This is the Chameleon CHA TD. It’s a Broadband terminated dipole operating from 160 through 6 meters. It requires no tuner on HF! My primary use for this antenna is Automatic Link Exchange or ALE.
Where the CHA TD fits in
When an ALE station is not actively in call with another station, it cycles through the ALE channels, listening for its callsign, soundings from other stations, and sounding itself. ALE channels can span 80-10 meter bands, or in some cases 160m or even VHF depending on channel allocations from a spectrum manager. The station either needs to have an ALE compatible antenna tuner, or an antenna which requires no tuning.
So far I’ve been pretty astonished with this antenna. It’s mounted in inverted-v configuration from my tower at the moment. I also plan on finding the best configuration for use as a field station antenna. The user guide can be downloaded from the Chameleon website. It has lots of antenna configurations, to suit a variety of applications. There are also many configuration ideas on the HFLink website. Here is my current configuration, pkus configs out of the user manual.

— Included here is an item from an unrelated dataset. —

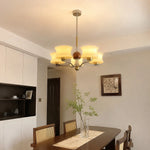 Cargar imagen en el visor de la Galería, Cream glass chandelier over a dining table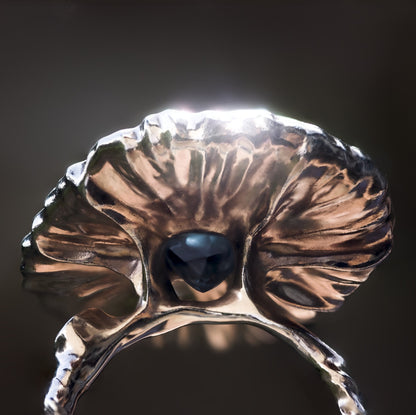 Nisi Floating Island Ring with hidden blue topaz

I initially deployed this antenna incorrectly, leading to some very wrong SWR readings. A few minutes troubleshooting with Chameleon and the problem was solved. The wide SWR sweep looks pretty good now. It also looks very similar to the SWR plots that chameleon publishes themselves. Now we know the plot results are attainable by anyone deploying this antenna correctly.
Band by band SWR
Looking at the results one band at a time they actually look much better than they did in the whole HF band sweep.
- Matching transformer
- Antenna elements and wire winders
- 300kohm resistors
- Counterpoise wires and wire winders
- Carrying case
- Ground stakes
After deploying this antenna for the first time, I immediately went back to Chameleon and said “please make a lightweight, 20 watt version of this antenna”. There are giant mega-corporations who make Broadband terminated dipoles for non-governmental organizations and Aid agencies deployed around the world. Many of them still rely on HF Communications. So it is an effective design! From amateur radio perspective I would kill to have a lightweight version of this antenna to carry and deploy man portable, in the field. Still the antenna as it exists is a magnificent beast, which is definitely being overlooked by the amateur radio community.